I hope Arvo appreciated his tribute from Tallis!
Arvo Pärt – Tintinnabuli – The Tallis Scholars Amazon UK
Arvo Pärt – Tintinnabuli – The Tallis Scholars Amazon USA
Stepheny Forgue Houghtlin said:
A wonderful tribute. Your posts are always outstanding. This particular one brings me exposure to something new. I shall follow up. Thank you. (Beautiful hardly describes how powerful this music is.)
Lady Fancifull said:
Thank you Stepheny. I can’t recall precisely when I first heard Pärt, only that something must have made me buy the first of many discs of his music which I now have, and I can distinctly remember how ‘In memoriam, Benjamin Britten’, a track on that on that first CD kind of punched me in the heart and lungs and opened up a musical space which belongs solely to his music. I do find he is utterly extraordinary. I’ve been listening recently to a recording of one of his symphonies. Finding any sort of language to describe it is impossible!
Susan P said:
I like coming to your blog. I broaden my horizons every time I come here. Thank you.

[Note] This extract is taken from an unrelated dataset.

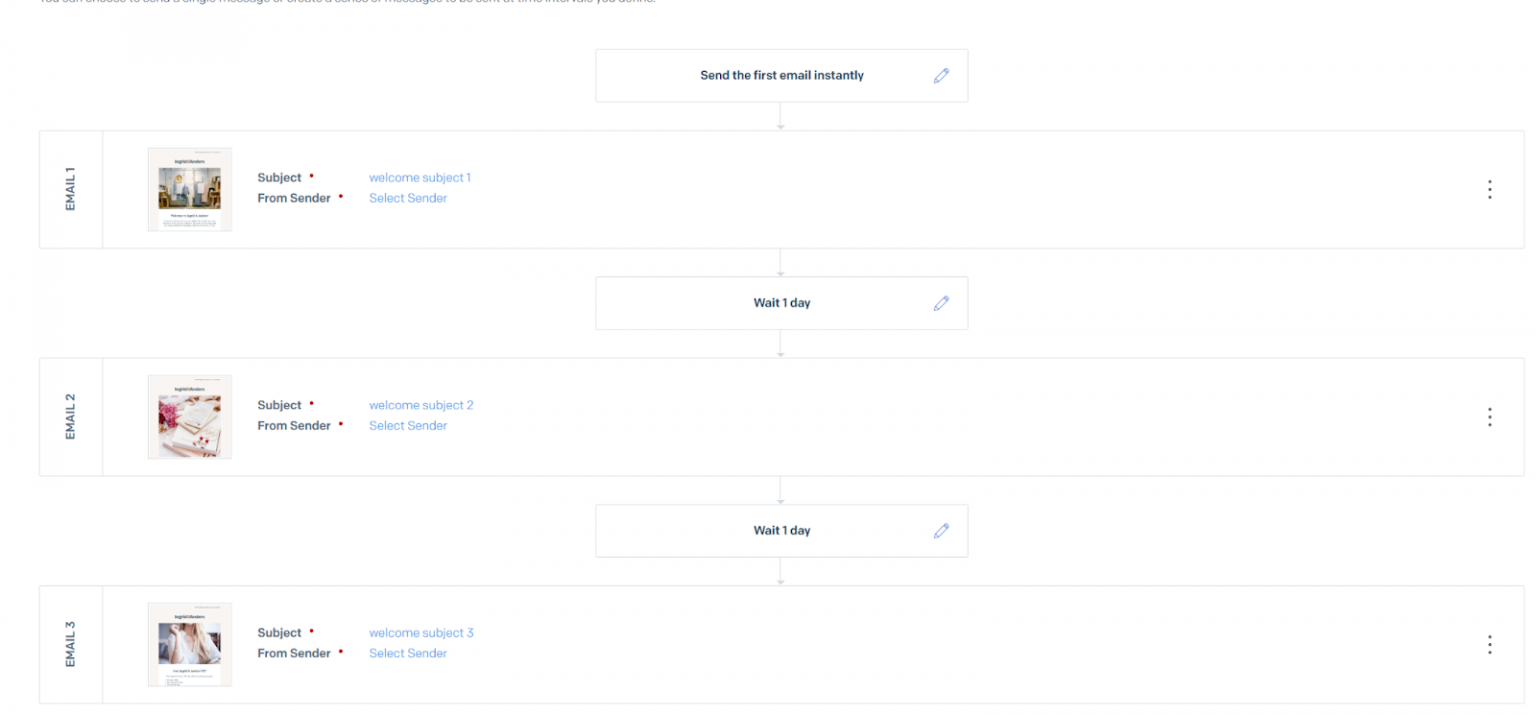SendGrid vs Mailgun: Find Out Which is Better for You [2024]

I do remember the old records, and the singles had the new song and the other side was mostly “what was that?” I recall one that the back side became more popular than the front side.
Lady Fancifull said:
Thank you for such a kind comment Susan. I love the way that blogs give you little insights and surprises into new things. I really value blog ‘friendships’ developing, as we all dip into and out of each others interests, thinking, bookshelves, experiences et al!
Susan P said:
Thank you. I always enjoy new people and new things to learn. We are never too old to learn something new unless we choose to not learn.

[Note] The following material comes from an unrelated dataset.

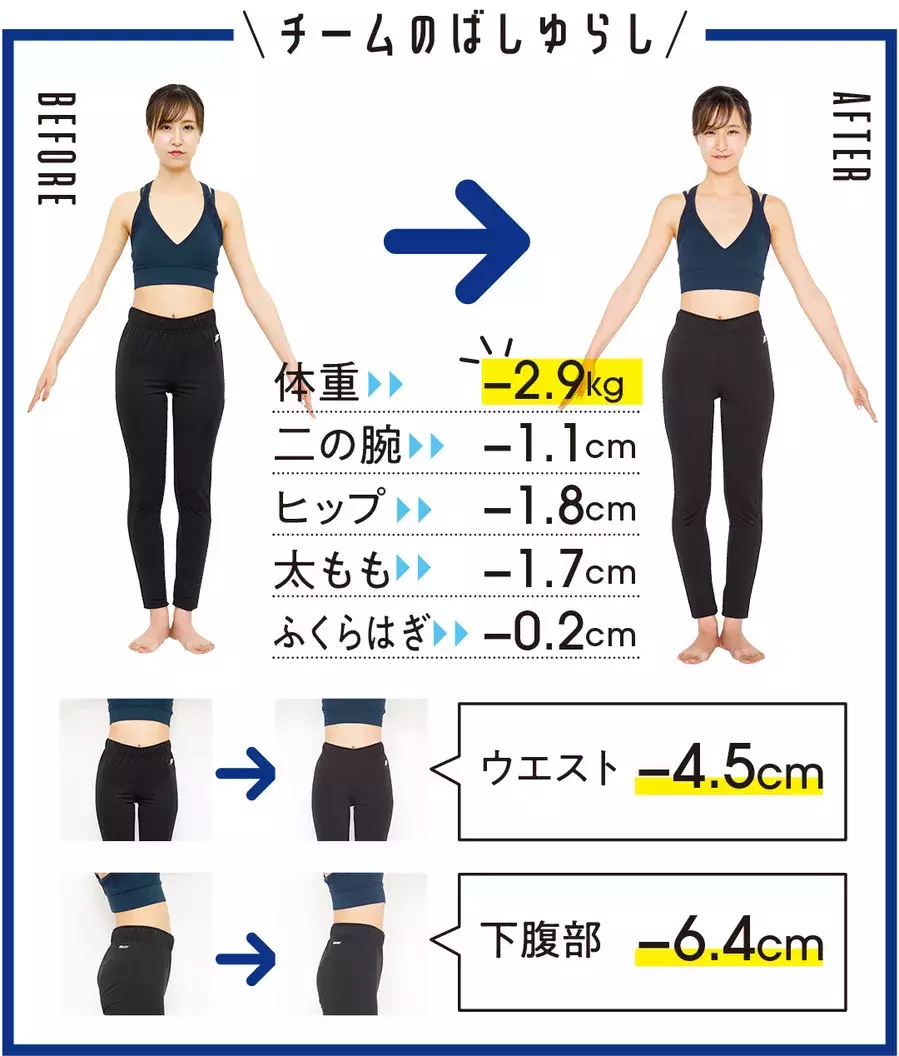 本気の2週間ダイエット 運動なしで 下半身激ヤセ できた ローリエプレス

Thank you, thank you for highlighting this work. It’s one I’ll enjoy. A couple of years ago, the Tallis Scholars performed in Christchurch (NZ) and it was the stand out performance of the year for me (along with our own Michael Houston performing a cycle of Beethoven piano sonatas). The Scholars repertoire included Nunc Dimittis, Allegri’s uplifting and visceral Miserere and the enveloping, and briefly 40 part, Spem in Alium (Tallis). One thing about living away from Western cultural centres, is that occasions like that are experienced as the real taonga (treasures) they are, as they may not come again.
Lady Fancifull said:
You are most welcome Underrunner. And you are so right about the very silver lining of not getting the treasures that often – it does rather sharpen the appetite, the attention and the appreciation. Londoners have such an overwhelming feast of opportunities presented that we can be jaded and spoilt by choice – not to mention missing even knowing the treasures are there as so many are vying for out attention. The Miserere and Spem in Alliumare amazing, lifting off the top of your head, shivering up and down your spine, viscerally powerful experiences, especially (and perhaps only) when performed by people who can do justice to the music.

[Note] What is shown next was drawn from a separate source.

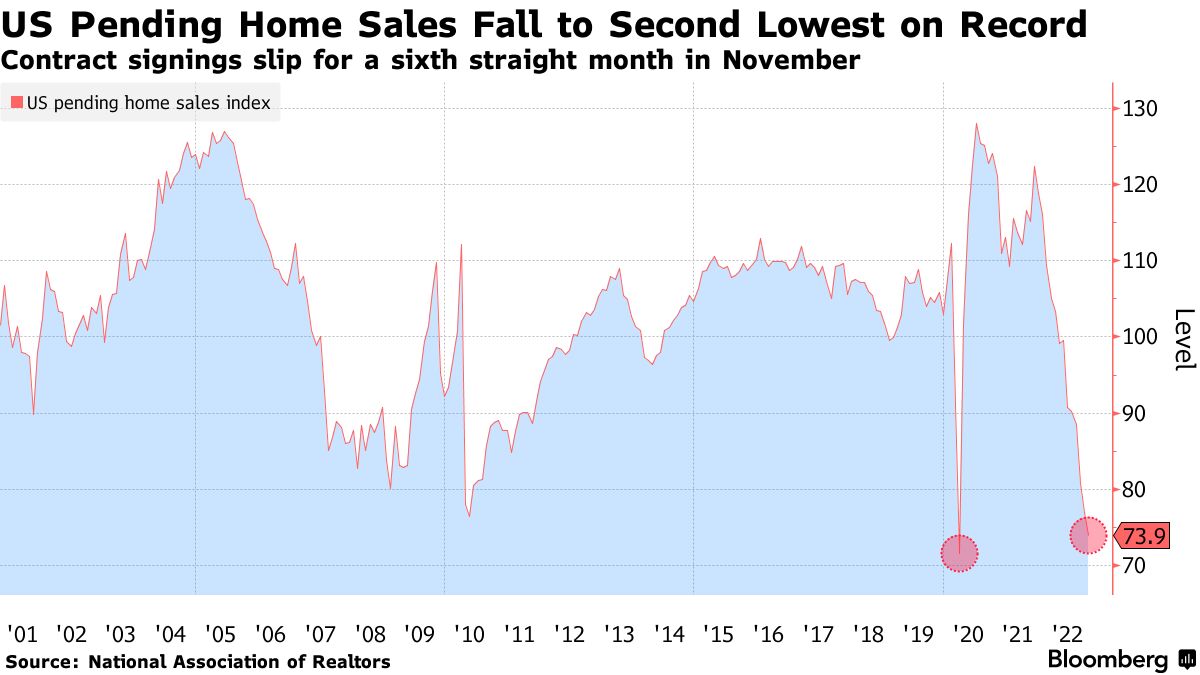 US Pending Home Sales Fall to Second-Lowest Level on Record - Bloomberg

One of my favourite pieces is Mozart’s Requiem which always turns on the silent waterworks – except a couple of performances I’ve been to where I sat dry eyed and with feet on the ground, bottom on the seat without a single hair rising on the back of my neck. My body is the barometer of whether a rendition ‘works’ or not. And certainly, here The Tallis Scholars (of course!) ‘work’ these wonderful pieces most sensationally. Weeping shivering in spades!